DGXX enters the first week of June with a freshly announced $35 million commitment to purchase Nvidia's next-generation Vera Rubin GPU platform — a deal that dominated headlines on June 3 and pulled the stock sharply off its recent highs, even as the underlying short positioning is quietly easing.
The catalyst is hard to ignore. Digi Power X announced it will deploy $35 million toward Nvidia Vera Rubin hardware to expand its NeoCloudz GPU-as-a-Service operation. The stock had already more than doubled over the prior month — up 115% — before pulling back 3% on June 2 alone, and a further 2% across the week. The parallel US Nasdaq listing (DGXX) moved almost in lockstep, off 3% on the day and nearly 3% on the week, confirming this is company-specific noise rather than sector drift. By contrast, HUT gained 18% on the week and KEEL jumped nearly 20%, suggesting the broader crypto-power-compute cohort remained buoyant — making DGXX's relative underperformance stand out.
The short book on DGXX has been retreating. SI now runs at 6.2% of the free float, down from a peak near 7.6% in late May. Short interest on the NEOE-listed DGX vehicle is negligible — just 0.14% of float — and continues to fall. On the Nasdaq side, availability has loosened dramatically. After hitting its tightest point of the past year at 25.6% on May 15 — meaning fewer than one share was available to borrow for every three already shorted — the lending market has opened back up. Availability now reads 200%, roughly back to levels seen in late April, suggesting shorts have returned stock and the squeeze pressure of mid-May has dissipated. Cost to borrow has also unwound. It was nearly 2% in late April, peaked again at 1.97% on May 7, and has now fallen to just 0.89% — the lowest level in the 30-day window. The ORTEX short score of 41.9 sits in the lower half of the 0-100 range and has trended down over the past two weeks from 45.3 on May 21. That composite tells a consistent story: short sellers are backing away, not adding.

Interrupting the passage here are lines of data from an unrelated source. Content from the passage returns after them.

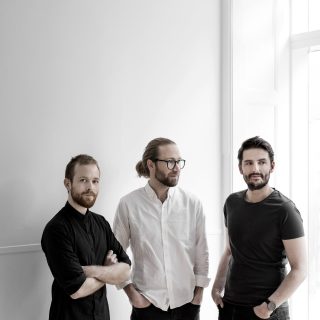Drei Männer im weißen Raum des Hamburger Designladens posing für eine Fotografie von Chris Tonnesen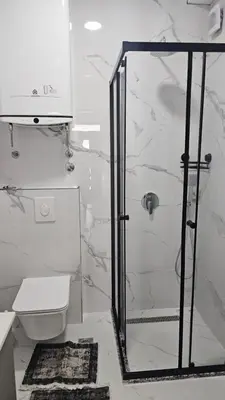 a bathroom with a shower and a toilet at Apartments Liards in Ulcinj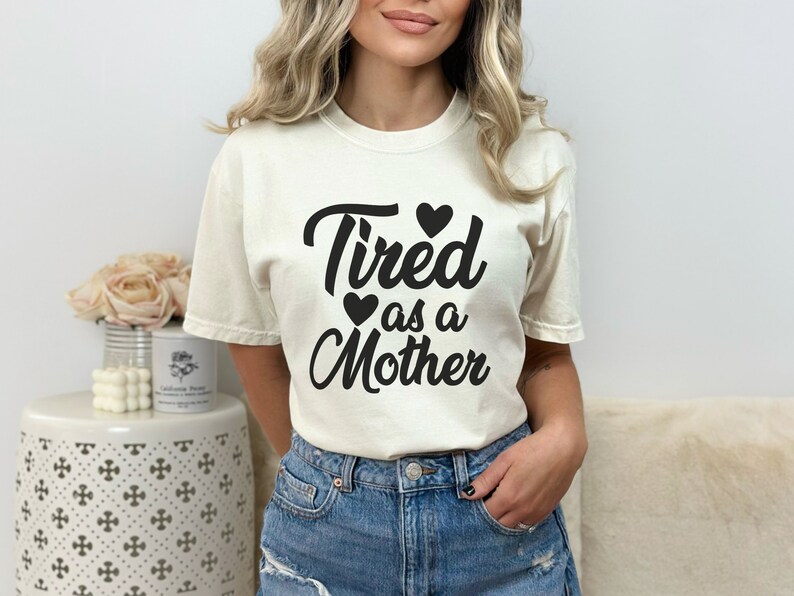 Op de afbeelding: Een wit T-shirt met de tekst "Tired as a Mother" in zwarte cursieve letters. Er zijn drie kleine zwarte hartjes boven en onder de tekst.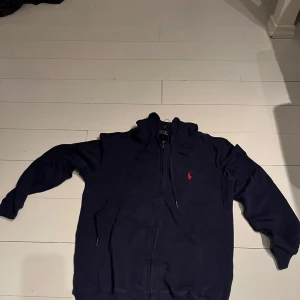 Mörkblå hoodie från Polo Ralph Lauren - Snygg mörkblå hoodie från Polo Ralph Lauren med dragkedja och huva. Klassisk röd logga broderad på bröstet, två fickor framtill och justerbara snören i huvan. Perfekt för en chill och stilren look.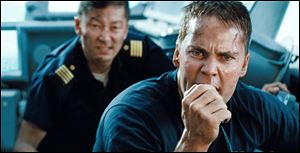 Tadanobu Asano, left, and Taylor Kitsch in a scene from 'Battleship.'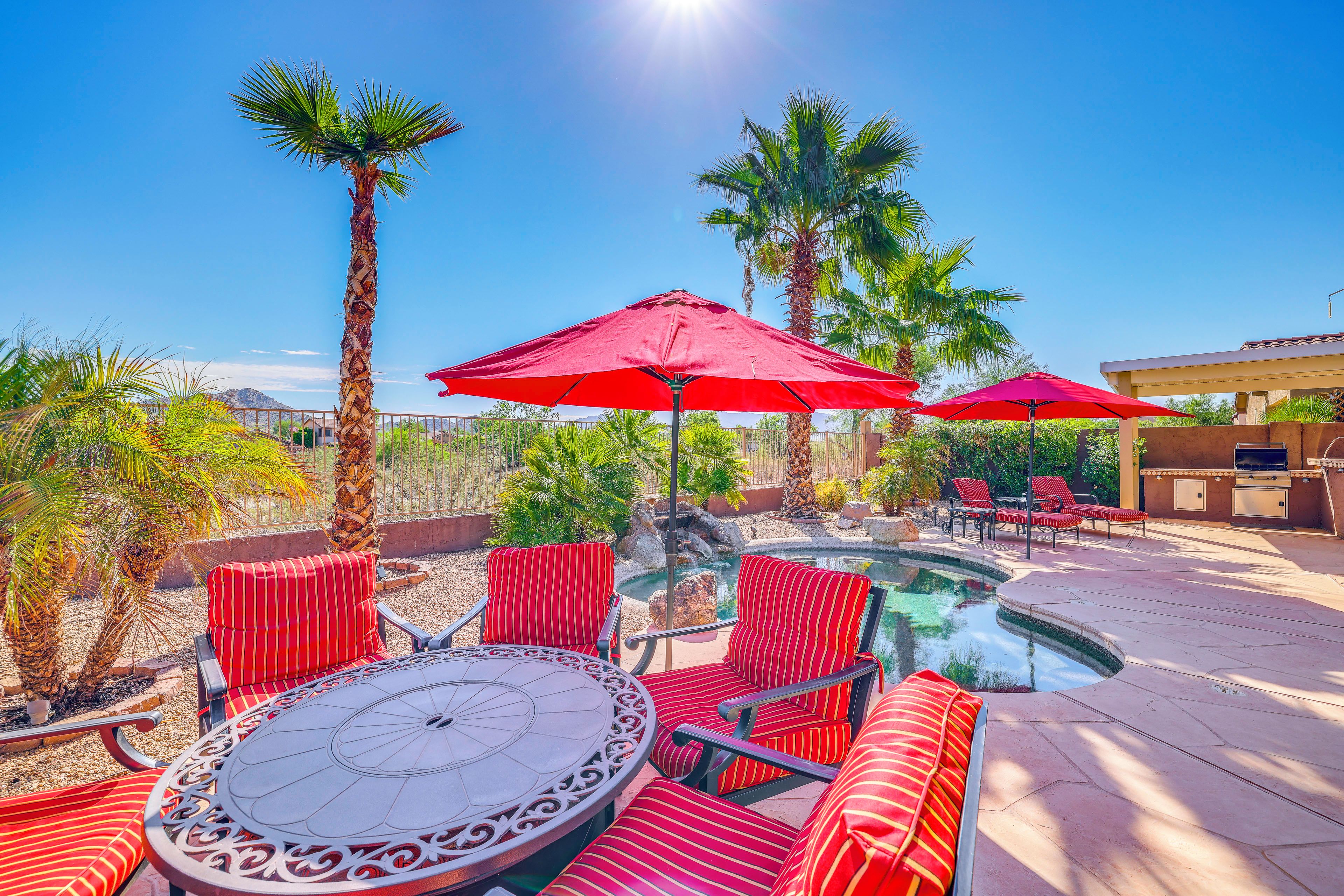 A poolside area with red-striped chairs, a round table, and red umbrellas.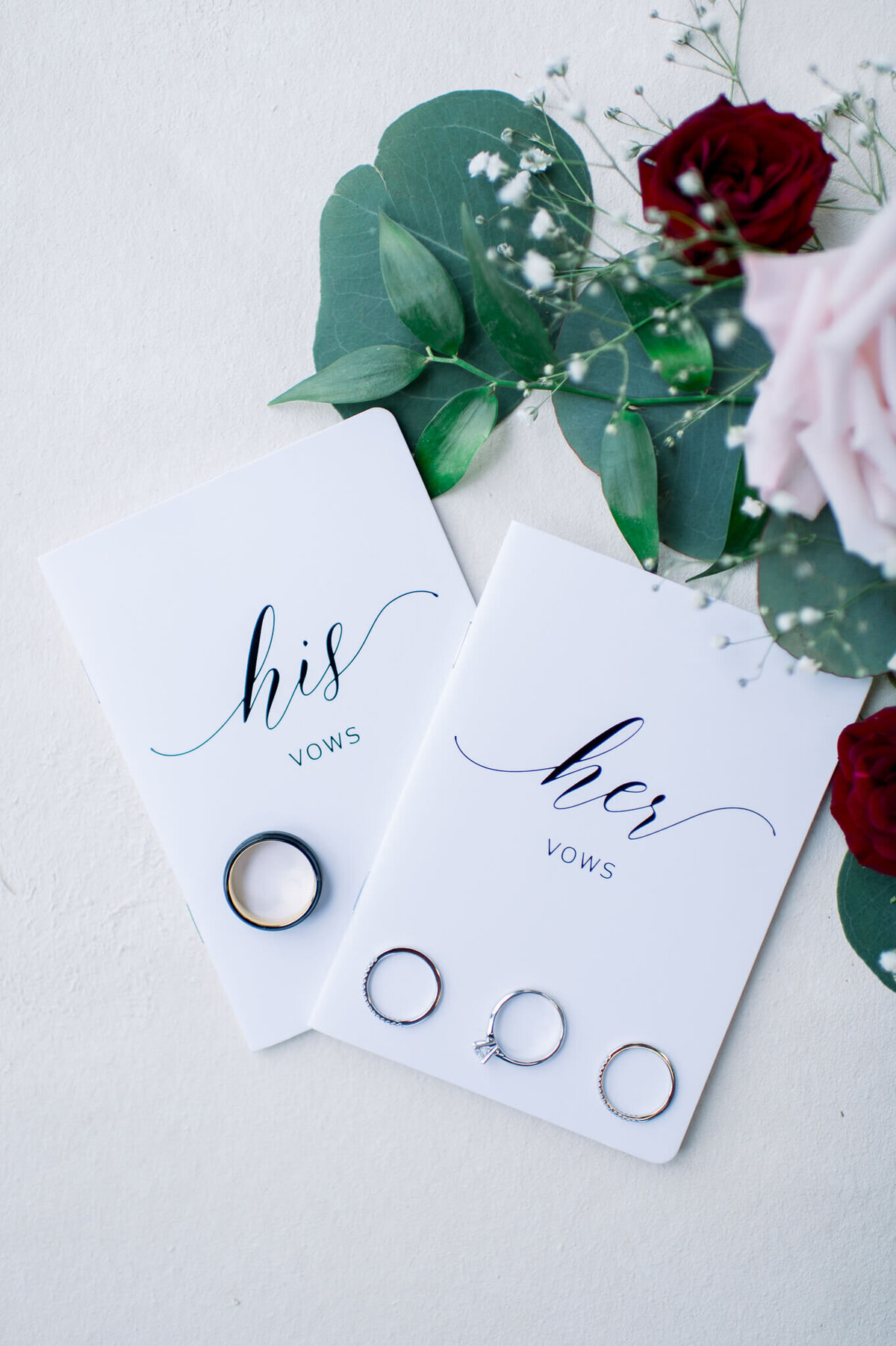 his and her vow books with wedding rings and florals by arkansas wedding photogapher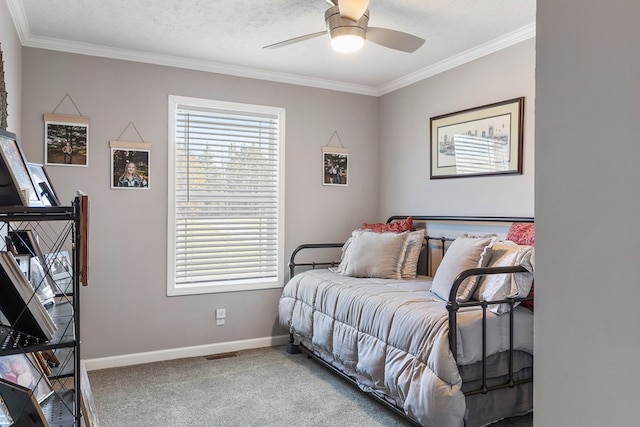 carpeted bedroom with crown molding, multiple windows, and baseboards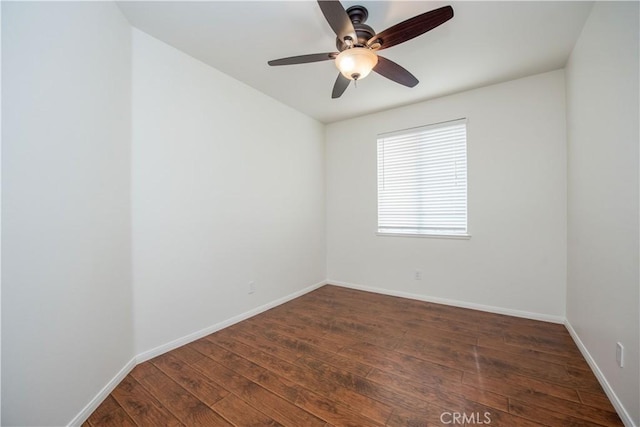 spare room featuring dark wood-type flooring and ceiling fan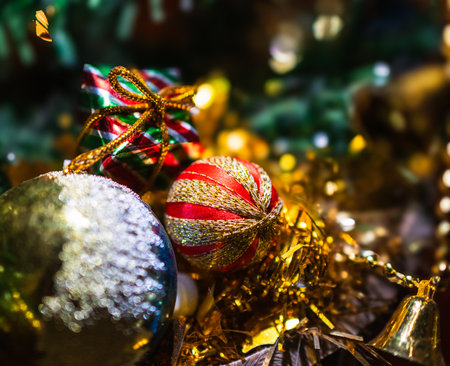 Festive decorations in red, gold and green, with glowing lights and blurred background,creating a cozy, festive holiday still-life scene. Ideal for greetings backdrop and digital projectsの写真素材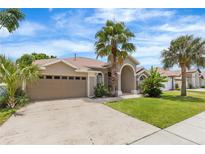 Charming single-Gathering home featuring a manicured lawn and mature palm trees at 3016 Samosa Hill Cir, Clermont, FL 34714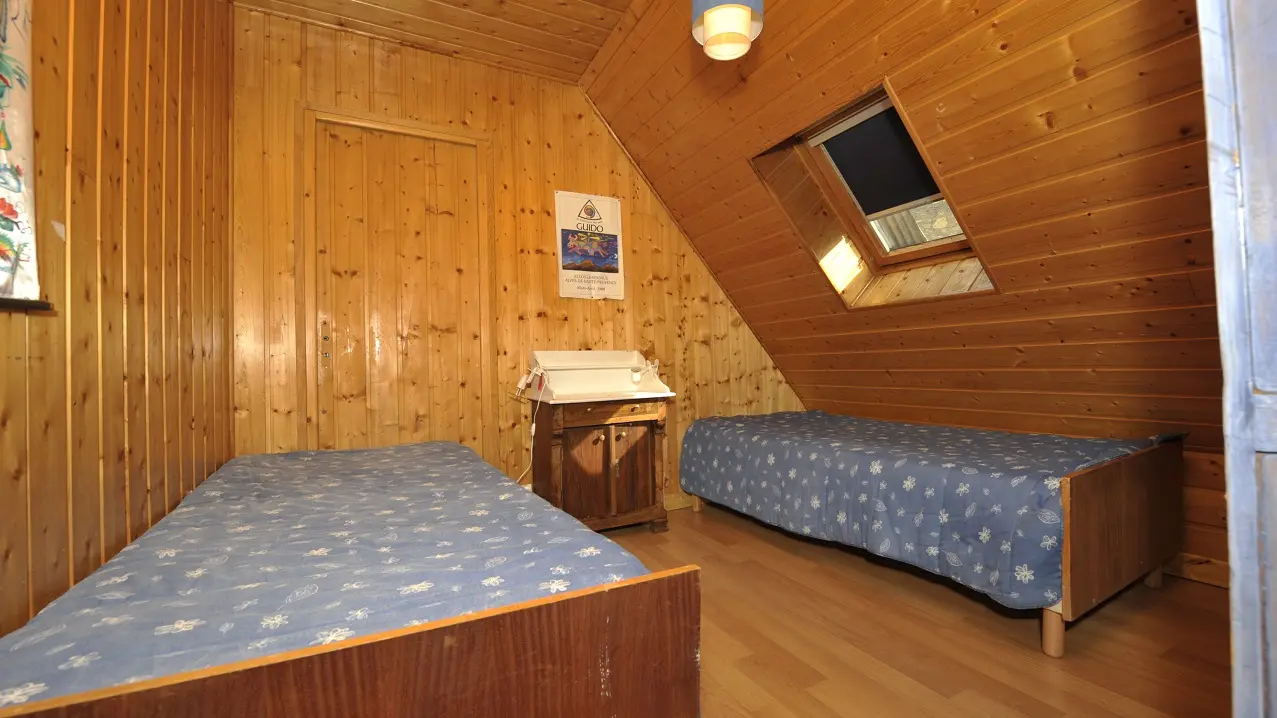 Bright attic bedroom with two single beds, skylight, wooden furniture, wood interior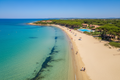 Budoni Sardegna - spiaggia di Agrustos con mare turchese e pini mediterranei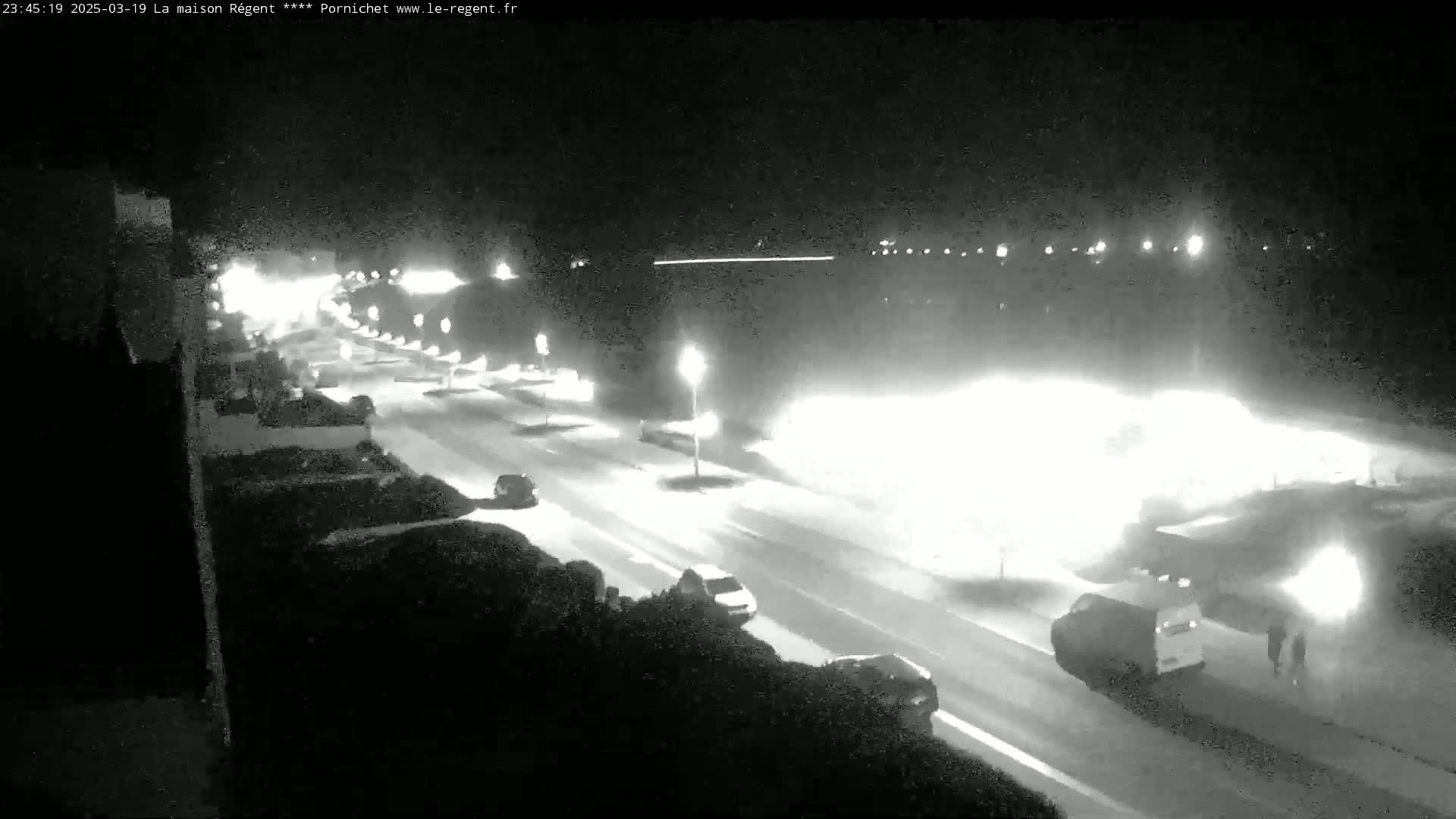 A snow-covered road at night is illuminated by streetlights and headlights of vehicles driving in both directions.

The institutional register adds some texture. Citadel Advisors built a position of 3.55 million shares, adding 3.36 million in the most recent reported period through May 5 — one of the most aggressive single-holder builds on the cap table. Vennlight Capital added 1.17 million shares through March. These moves sit against a backdrop where the President, Alec Menachem Amar, sold shares across three transactions in April and May at prices ranging from C$2.25 to C$3.56 — well below the current CAD 10.86 — capturing gains from the earlier part of the rally. The net 90-day insider figure looks positive in share terms due to February awards to the CEO, CFO, and directors, but the cash-sale pattern from the President is the more telling behavioural signal.
The earnings history carries a useful data point. Q1 2026 results reported on May 15 delivered the company's first AI-linked revenue and closed with $125 million in cash on the balance sheet — though the company still posted a net loss of US$4.7 million for the quarter. The stock moved 5.7% higher the day after the print and held those gains over the following five days, ending the week 9.7% above the pre-earnings close. The next scheduled event is August 14. Valuation data is stale — the most recent EV figure dates to December 2025 — so multiples-based framing is not reliable here and has been omitted.
A class action lawsuit filed May 29 adds a further overhang the $35 million Nvidia commitment does not resolve on its own. With shorts exiting, availability loose, and the borrow cost near its recent floor, the setup heading into summer is less about squeeze dynamics and more about whether the Vera Rubin GPU commitment — and the August earnings it feeds into — justifies the stock's 115% one-month run.